Wow! That was a good kill! Copperheads are REAL nasty! When I was a kid, my dad and I would go fishing and camp out at an old log cabin on my Grandpa's farm in the southeastern hills of Ohio and I remember copperhead snakeskins hanging from the rafters. I hated sleeping there, for obvious reasons!


----------



## texasgirl (Nov 13, 2005)

shannon in KS said:
			
		

> I have many snake stories growing up on a farm, but this summer, I was lazily basking in the sun, and a snake slithers by. (this is my sunspot, mr. snake!) So, I thought, nah, he is going about his business, and gently shoo him along with my flip flop. And he was a little baby, maybe a foot long, but suspiciously looked like a rattlesnake- which are more venemous than full grown. He turns around, and coils up and start trying to strike at me! H#ll no, not gonna work that way, THIS IS MY SUNSPOT! So I do what a typical girl would do, start squealing and jumping around- HEEELLOOOOO! HE IS TRYING TO EAT ME!!!! And no one comes to my rescue. I throw a few yard objects at him, hose, chair, whatever is nearby. Not budging. So I pick up a hand spade- yeah one of those things that are like 8 inches long, and start swinging at him, and he finally starts to slither the other way, and I am nothing but vengeful at this point, and whack his head off, cowardly when he turned his back, I know, but he was exhibiting some serious cobra tendencies, mind you. you go Texasgirl, WE ARE WOMEN, HEAR US ROAR (10 minutes later after all the squealing and carrying on) You would think the way we act would annoy the little critters to a miserable death, wouldn't ya?


 
DH is looking at me like I have gone insane. I am laughing so hard I'm crying just from the visual.
Normally, I yell for him or the boys. The first time I saw one, I was in the garage making my yard art and it was right at the door. They make the most awful scratching sound on concrete, I ran to the house door and the boys came running with the pellet gun, he didn't have the 410 then. I took it and was shaking so bad, the boys both went for it and tried to shoot it. That one got away. I called DH and he came home from down the road. Never found that one. I was walking very slowly for weeks after that.


----------



## mudbug (Nov 13, 2005)

OH, ick.  Sorry you had to go thru that, tex.

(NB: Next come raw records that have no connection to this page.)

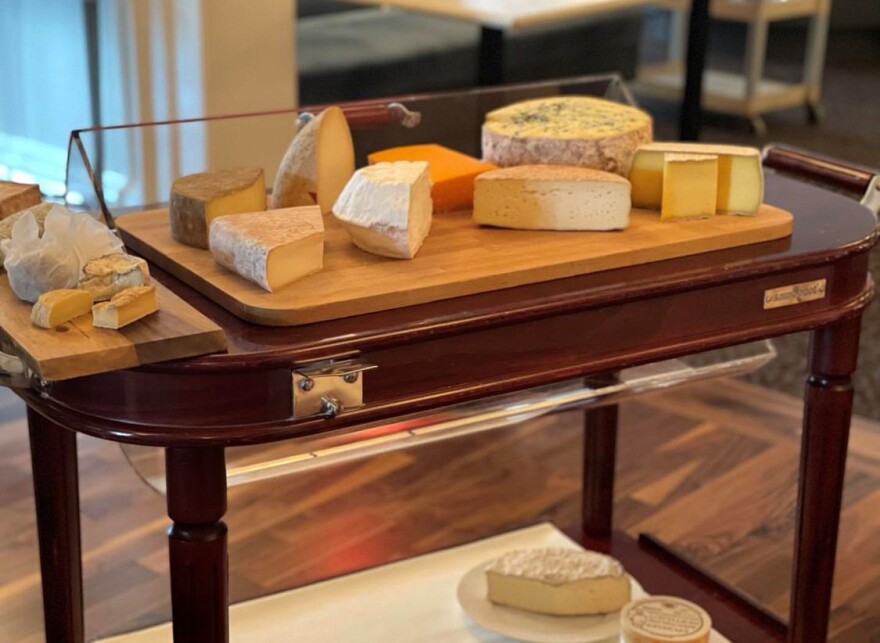 Cheese cart with a variety of cheeses - Credit: @chefwolf/Instagram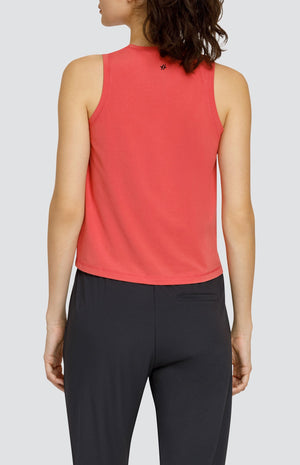 Model wearing a coral hi-low swing tank top and black joggers with elastic drawstring waistband and pockets.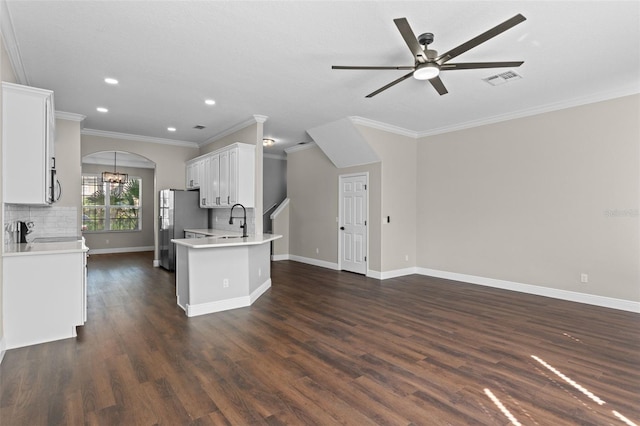 461 Black Knight Way, Longwood, FL 32779 - kitchen with crown molding, appliances with stainless steel finishes, ceiling fan, white cabinetry, and light countertops
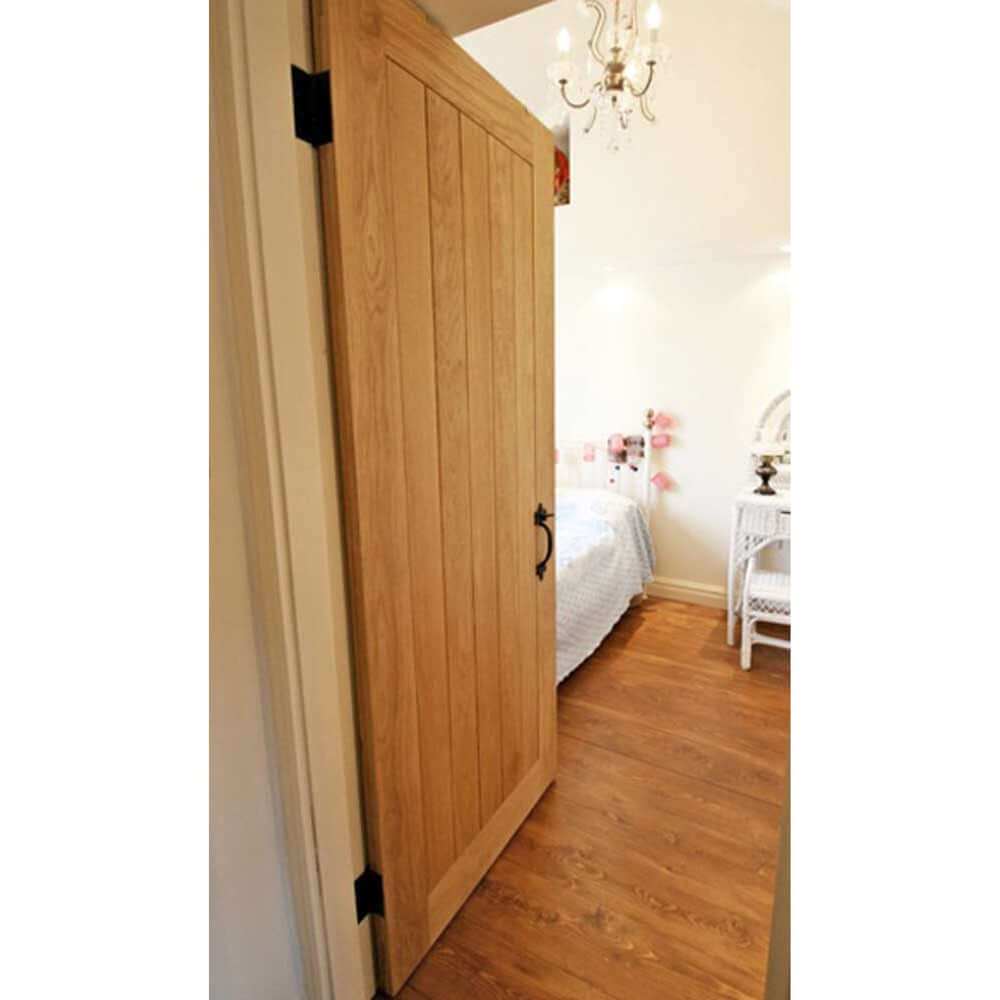 Lifestyle bespoke solid oak Suffolk door in room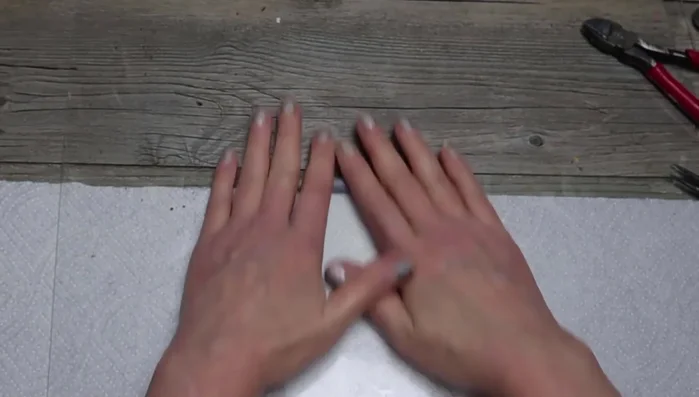 Make a worm: Add clay to floral wire, create a slightly larger head, add rings, and bend into shape.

My mom's parents used to have a cabin out in the desert in SoCal.  Every time they went out there for vacation Gramp had to go in first with his gun and kill all the rattlesnakes.


----------



## Robin (Nov 13, 2005)

Unless they are too close to my house I just leave them alone. They are actually good because they eat small rodents. Most snakes are as afraid of us and we are of them


----------



## pdswife (Nov 13, 2005)

Good hit Texas.

Once while Paul and I were hiking up a trail to go fishing 
he stopped and said "Hey look, it's a snake" He started poking at
it wish his fishing pole.  It uncoiled and we saw that it was a rattler!!!  Just a small one but big enough to freak me out.  Luckily the snake wasn't in the mood to fight.  It just crawled away.   I tease Paul all the time now about being brave enough to tickle a rattle snake.


----------



## texasgirl (Nov 13, 2005)

Robin said:
			
		

> Unless they are too close to my house I just leave them alone. They are actually good because they eat small rodents. Most snakes are as afraid of us and we are of them


 
I wouldn't usually go killing it myself, but, it was about 10 feet from my front door. I know that it probably wouldn't be able to get on the porch,but, I wasn't taking a chance on meeting it inside with the doggie door


----------



## Robin (Nov 13, 2005)

texasgirl said:
			
		

> I wouldn't usually go killing it myself, but, it was about 10 feet from my front door. I know that it probably wouldn't be able to get on the porch,but, I wasn't taking a chance on meeting it inside with the doggie door


 
Yes actually it could have gotten on the porch. A long time ago one got into our covered porch! Thank goodness I just peaked through the window before I opened it. It was coiled right next to the door. I screamed for my mother's boyfriend to take care of it.. It wasn't poisonous though.


----------



## middie (Nov 13, 2005)

oooh copperheads nasty nasty snakes. a relative of mine in west virginia     cleaning up her yard and picked up an old coffee can that had a copperhead coiled up inside. a fang punctured the skin on one of her fingers and she almost died not once but TWICE ! i think if both fangs got her she would not be around today. my mother almost got bit by one too when she was a little girl... maybe 5 or 6, but her grandfather killed it before it bit my mom's leg.
though i have to admit it's kind of amusing to drive through a state and see the roadkill is chickens and copperheads !


----------



## buckytom (Nov 14, 2005)

i always tell people that i'm hiking with that in snake country, always make heavy footsteps in grasses or dense brush (they will sense you coming and take off), and always step onto a log then away from it, not directly over as you may startle a snake that will cause it to strike at your heel.
they're nasty but necessary little monsters...


----------



## AllenOK (Nov 14, 2005)

I have to agree with Robin.  Snakes do benefit the environment.  Granted, I live in a small city, so I'm not really expecting to see any snakes, except maybe a garter snake.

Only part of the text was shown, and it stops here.